Mortero encendió las luces.

-Ahora -dije yo-, que la Santísima Madre de Dios, Nuestra Señora del Rosario, nos dé el inefable beneficio de un pronunciamiento en cada ciudad de España; que sea un volcán Galicia y otro volcán Aragón; que caigan por tierra el absolutismo y D. Buenaventura.

-Me parece que se sienten pasos arriba -dijo Salvador en voz muy baja.

-Es que andan por allá el Sr. Secretario y un señor inquisidor -repuso Mortero-. No hagan ustedes ruido. Están sacando papeles del archivo.

-Es que ven la cosa negra -afirmé yo-. Sin duda temen que el pueblo penetre en la casa y descubra alguna picardía. Señor Todopoderoso, Creador del cielo y de la tierra...

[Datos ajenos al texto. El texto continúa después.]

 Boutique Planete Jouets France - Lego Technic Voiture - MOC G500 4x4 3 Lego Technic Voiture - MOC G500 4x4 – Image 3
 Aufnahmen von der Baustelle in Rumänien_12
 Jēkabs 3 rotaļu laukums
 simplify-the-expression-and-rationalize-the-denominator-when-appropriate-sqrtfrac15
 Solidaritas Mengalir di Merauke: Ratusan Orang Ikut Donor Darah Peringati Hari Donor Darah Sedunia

-¡Es gracioso! -dijo Monsalud mirando la imagen, que era la Virgen del Rosario con Santo Domingo de Guzmán arrodillado a sus pies-. Si a esos señores inquisidores que están arriba les dijeran ahora que en un sótano de la Santa Casa arden velas ante las imágenes cristianas para implorar de Dios el triunfo de la revolución...

-Si se lo dijeran... seguramente no lo creerían.

Mi amigo se volvió hacia la pared, y al poco rato dormía.

Yo no cesé de rezar en toda la noche.